*EXERCISE DETAILS*
What the task requires is an exact printout of the listing below, pictures excluded.

*DATA SUPPLIED*

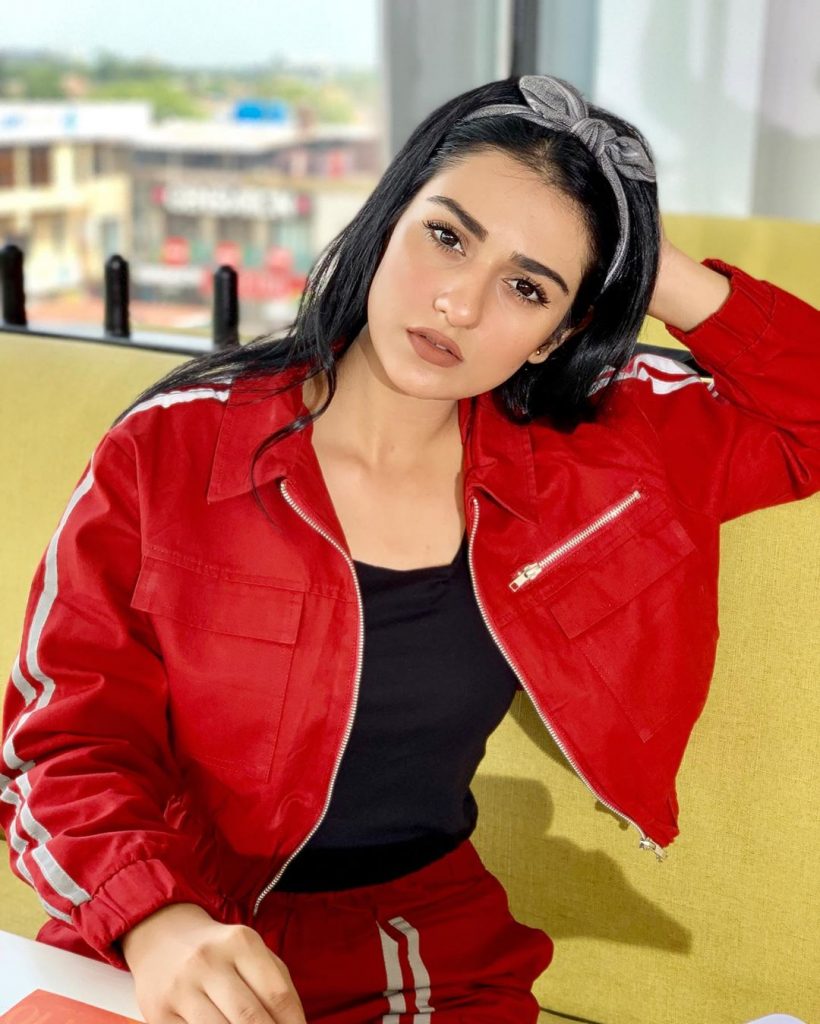 Sarah Khan Looks Like Straight Out Of A Dream In Photo Shoot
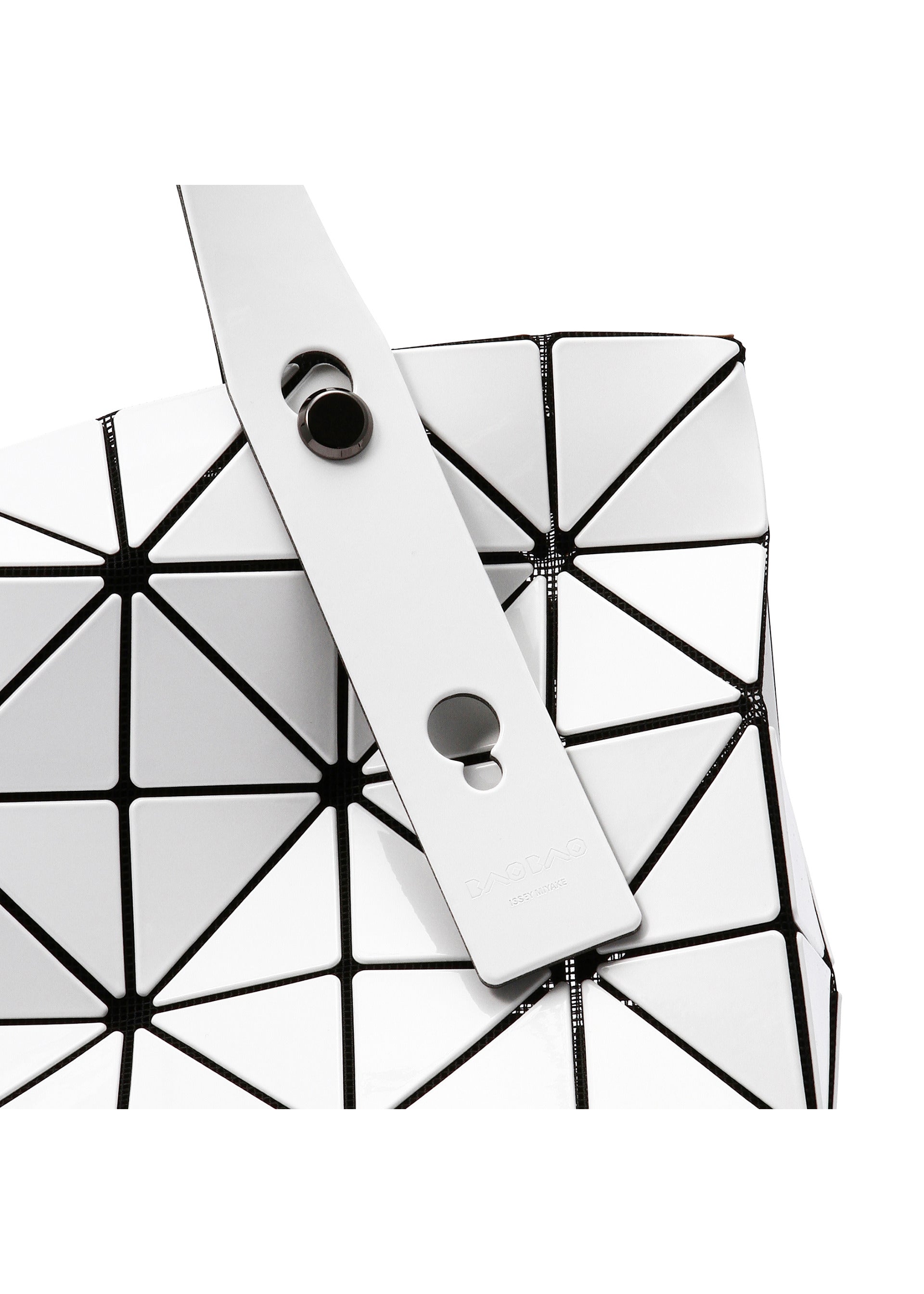 CARTON – ISSEY MIYAKE ONLINE STORE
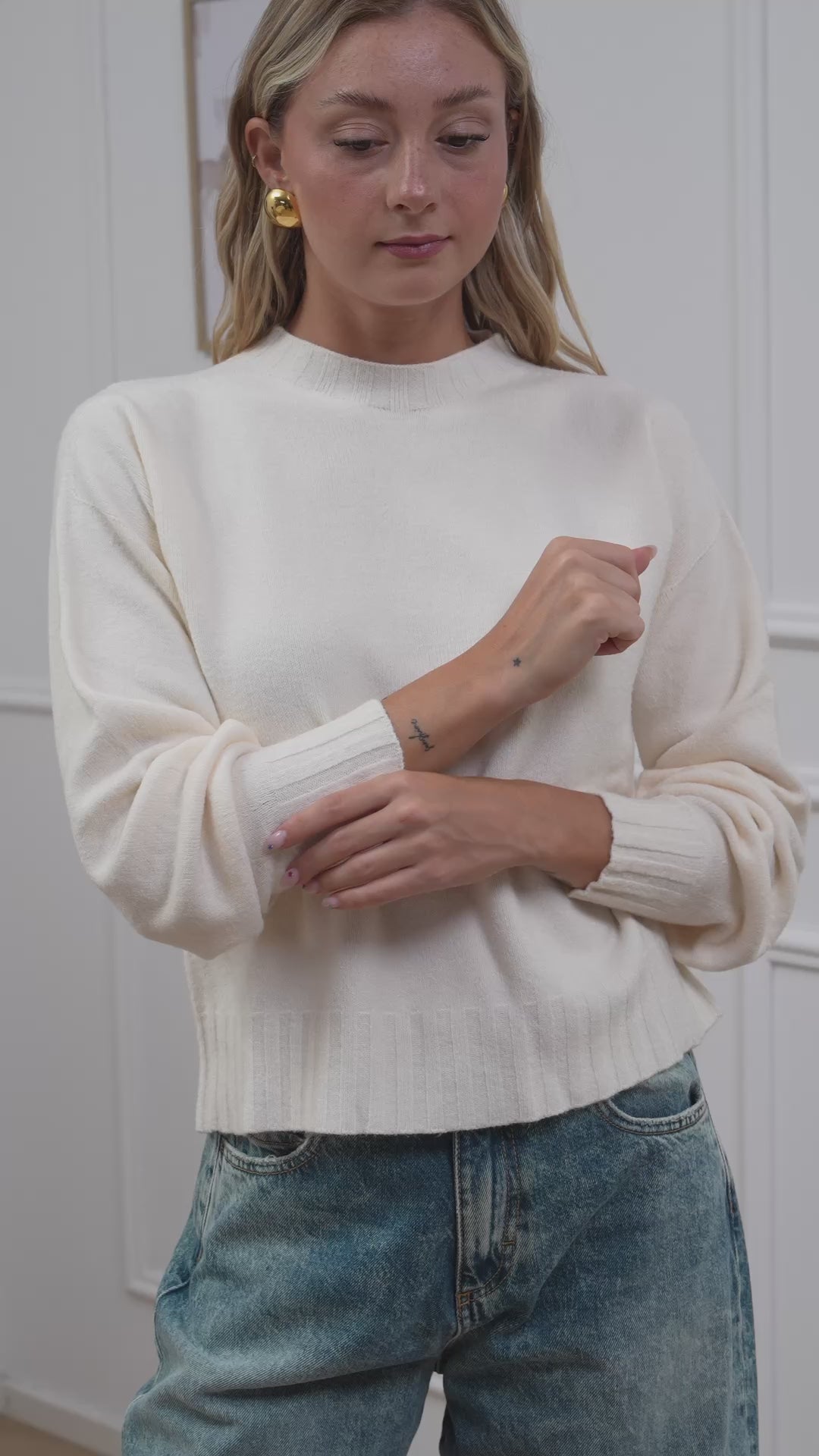 Carica video: Maglione basic girocollo avorio in viscosa - Kontatto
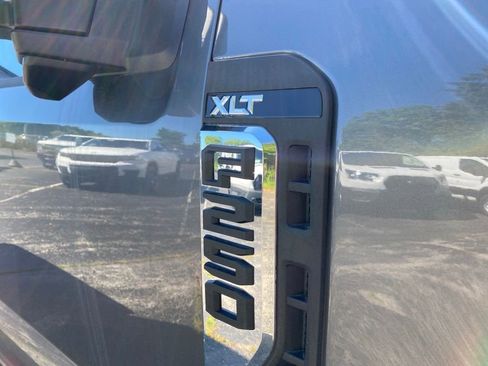 New 2026 Ford F250 XLT w/ XLT Premium Package AWD/4WD image 3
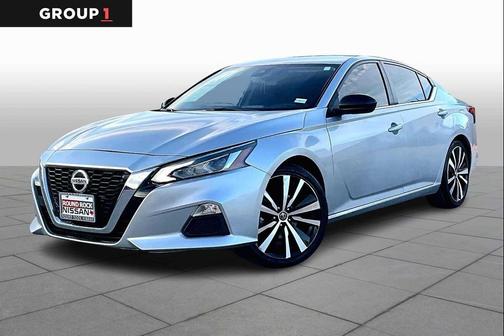 2022 Nissan Altima SR FWD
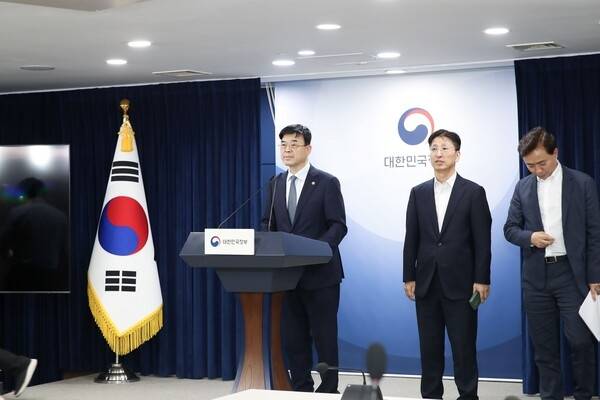 지난달 21일 이상경 국토교통부 1차관이 실거주 목적이 없는 외국인의 서울·수도권 주택 매입 금지를 골자로 한 외국인 대상 토지거래 허가제 도입에 대해 브리핑을 하고 있다.  국토부 제공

*PROBLEM SOLUTION*
 Sarah Khan Looks Like Straight Out Of A Dream In Photo Shoot
 CARTON – ISSEY MIYAKE ONLINE STORE
 Carica video: Maglione basic girocollo avorio in viscosa - Kontatto
 New 2026 Ford F250 XLT w/ XLT Premium Package AWD/4WD image 3
 2022 Nissan Altima SR FWD
 지난달 21일 이상경 국토교통부 1차관이 실거주 목적이 없는 외국인의 서울·수도권 주택 매입 금지를 골자로 한 외국인 대상 토지거래 허가제 도입에 대해 브리핑을 하고 있다.  국토부 제공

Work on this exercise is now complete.